◆ WORK ORDER: As the answer, give exactly the lines of the records below from the one with "Vince Camuto Womens" through the one with "İzmir Büyükşehir Belediyesi", ends included and pictures left out.

◆ LISTED ENTRIES:
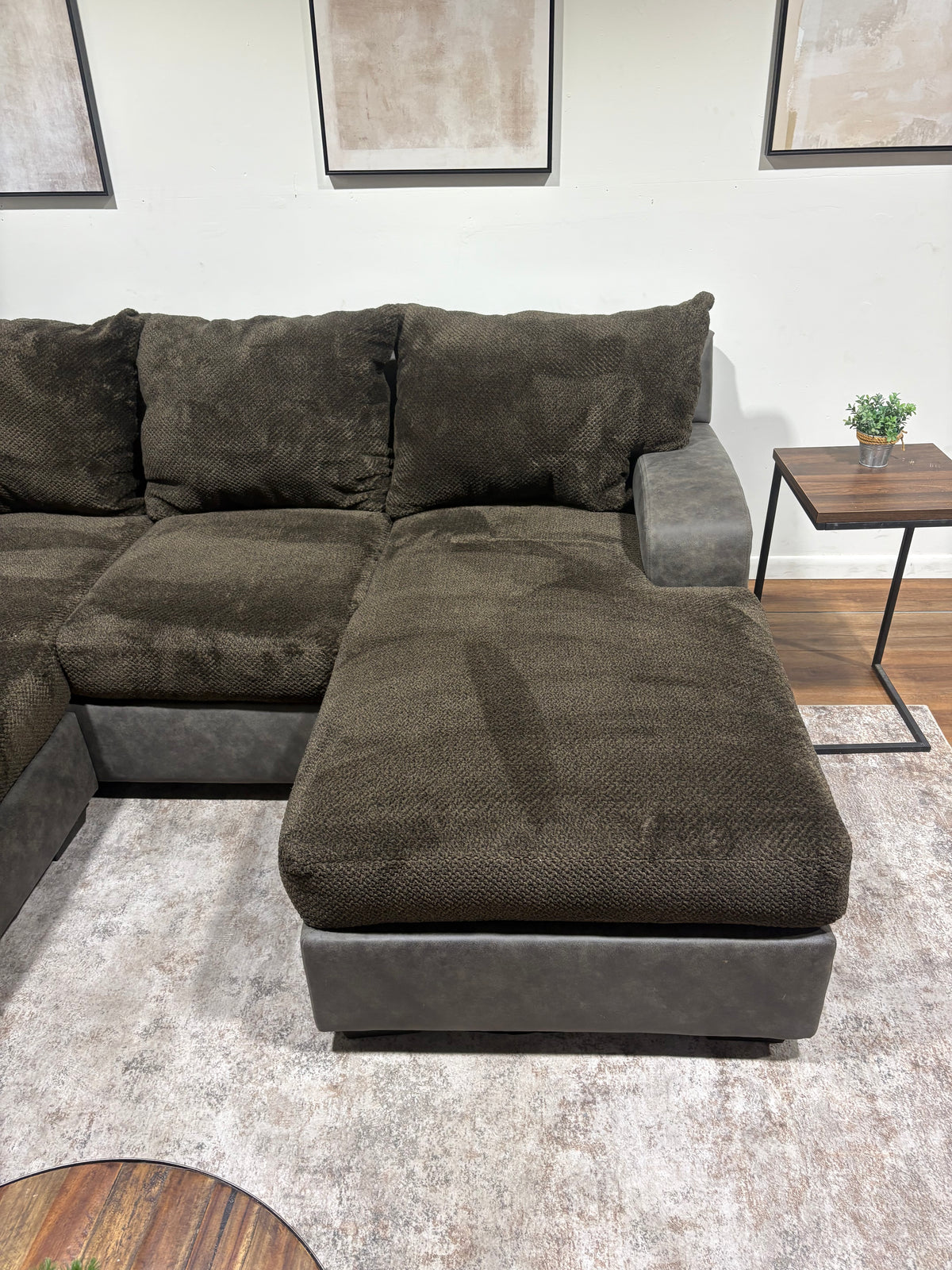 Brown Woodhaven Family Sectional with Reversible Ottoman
...
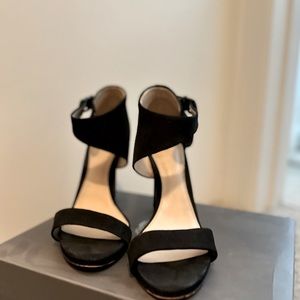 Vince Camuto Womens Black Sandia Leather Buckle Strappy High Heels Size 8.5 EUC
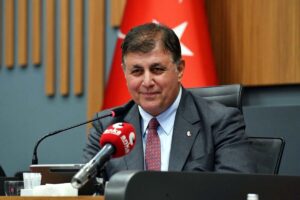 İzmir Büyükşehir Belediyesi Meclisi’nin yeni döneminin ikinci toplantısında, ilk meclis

◆ RESPONSE BELOW:
 Vince Camuto Womens Black Sandia Leather Buckle Strappy High Heels Size 8.5 EUC
 İzmir Büyükşehir Belediyesi Meclisi’nin yeni döneminin ikinci toplantısında, ilk meclis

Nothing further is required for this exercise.